She was called unstable. The historian Robert Tucker remarked that “despite everything, she was, in some sense, like her father.” 3And yet it’s astonishing how little she resembled her father. She did not believe in violence. She had a risk taker’s resilience, a commitment to life, and an unexpected optimism, even though her life spanned the brutalities of the twentieth century in the most heartrending of ways, giving her a knowledge of the dark side of human experience, which few people are ever forced to confront. Caught between two worlds in the Cold War power struggles between East and West, she was served well by neither side. She had to slowly learn how the West functioned. The process of her education is fascinating and often sad.

Alliluyeva had as much trouble explaining her father as anyone else did. Her attitude toward Stalin was paradoxical. She unequivocally rejected his crimes, yet he was the father who, in her childhood memory, was loving—until he wasn’t. She sought, with only partial success, to understand what motivated his brutal policies. “I don’t believe he ever suffered any pangs of conscience; I don’t think he ever experienced them. But he was not happy, either, having reached the ultimate in his desires by killing many, crushing others, and being admired by some.” 4

However, she warned that to dismiss him as simply monstrous would be a grave error. The question is what happens to a human being in his private life and within a particular political system that dictates such a history. She always insisted that her father never acted alone. He had thousands of accomplices.

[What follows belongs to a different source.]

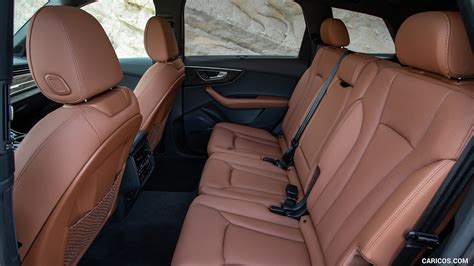 Audi Q7 (US-Spec) | 2020MY | Interior, Rear Seats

Svetlana Alliluyeva imagined that in the West she could construct a private life as a writer and find someone with whom she could share it. Despite valiant efforts, she believed she had failed, though others are not so sure. It’s astonishing that she survived at all.

Prologue

The Defection

At 7:00 p.m. on March 6, 1967, a taxi drew up to the open gates of the American Embassy on Shantipath Avenue in New Delhi. Watched carefully by the Indian police guard, it proceeded slowly up the circular drive. The passenger in the backseat looked out at the large circular reflecting pool, serene in the fading light. A few ducks and geese still floated among the jets of water rising from its surface. The embassy’s exterior walls were constructed of pierced concrete blocks, which gave the building a light, airy look. The woman noted how different this was from the stolid institutional Soviet Embassy she had just left. So this was America.

Svetlana Alliluyeva climbed the wide steps and stared at the American eagle embedded in the glass doors. All the important decisions of her life had been taken precipitately. Once she crossed this threshold, she knew that her old life would be irrevocably lost to her. She had no doubt that the wrath of the Kremlin would soon fall on her head. She felt defiant. She felt terrified. She’d made the most important decision of her life; she’d escaped, but into what she had no idea. She did not hesitate. Clutching her small suitcase in one hand, she rang the bell.

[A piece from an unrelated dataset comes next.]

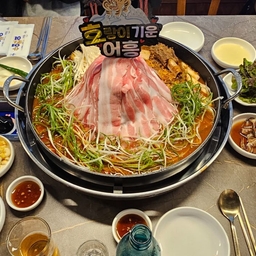 피드에 업로드 된 이미지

Danny Wall, the marine guard on desk duty, opened the door. He looked down at the small woman standing before him. She was middle-aged, neatly dressed, nondescript. He was about to tell her the embassy was closed when she handed him her passport. He blanched. He locked the door behind her and led her to a small adjacent room. He then phoned Robert Rayle, the second secretary of the embassy, who was in charge of walk-ins—defectors. Rayle had been out, but when he returned the call minutes later, Wall gave him the secret code indicating the embassy had a Soviet defector, the last thing Rayle was expecting on a quiet Monday evening in the Indian capital.

When Rayle arrived at the embassy at 7:25, he was pointed to a room where a woman sat talking with Consul George Huey. She turned to Rayle as he entered, and almost the first thing she said to him was: “Well, you probably won’t believe this, but I’m Stalin’s daughter.” 1

Rayle looked at the demure, attractive woman with copper hair and pale blue eyes who stared steadily back at him. She did not fit his image of Stalin’s daughter, though what that image was, he could not have said. She handed him her Soviet passport. At a quick glance, he saw the name: Citizeness Svetlana Iosifovna Alliluyeva. Iosifovna was the correct patronymic, meaning “daughter of Joseph.” He went through the possibilities. She could be a Soviet plant; she could be a counteragent; she could be crazy. George Huey asked, nonplussed, “So you say your father was Stalin? The Stalin?” 2

As the officer in charge of walk-ins from the Soviet bloc, Rayle was responsible for confirming her authenticity. After a brief interview, he excused himself and went to the embassy communications center, where he cabled headquarters in Washington, demanding all files on Svetlana Iosifovna Alliluyeva. The answer came back one hour later: “No traces.” Headquarters knew nothing at all about her—there were no CIA files, no FBI files, no State Department files. The US government didn’t even know Stalin had a daughter. 3

While he waited for a response from Washington, Rayle interrogated Svetlana. How did she come to be in India? She claimed that she had left the USSR on December 19 on a ceremonial mission. The Soviet government had given her special permission to travel to India to scatter the ashes of her “husband,” Brajesh Singh, on the Ganges in his village—Kalakankar, Uttar Pradesh—as Hindu tradition dictated. She added bitterly that because Singh was a foreigner, Aleksei Kosygin, chairman of the Council of Ministers, had personally refused her request to marry him, but after Singh’s death, she was permitted to carry his ashes to India. In the three months she’d spent here, she’d fallen in love with the country and asked to be allowed to stay. Her request was denied. “The Kremlin considers me state property,” she said with disgust. “I am Stalin’s daughter!” She told Rayle that, under Soviet pressure, the Indian government had refused to extend her visa. She was fed up with being treated like a “national relic.” She would not go back to the USSR. She looked firmly at Rayle and said that she had come to the American Embassy to ask the US government for political asylum. 4

So far, Rayle could conclude only that this utterly calm woman believed what she was saying. He immediately understood the political implications if her story was true. If she really was Stalin’s daughter, she was Soviet royalty . Her defection would be a deep psychological blow to the Soviet government, and it would make every effort to get her back. The American Embassy would find itself in the midst of a political maelstrom. 5

Rayle remained suspicious. He asked her why her name wasn’t Stalina or Djugashvili, her father’s surname. She explained that in 1957 she had changed her name from Stalina to Alliluyeva, the maiden name of her mother, Nadezhda, as was the right of every Soviet citizen.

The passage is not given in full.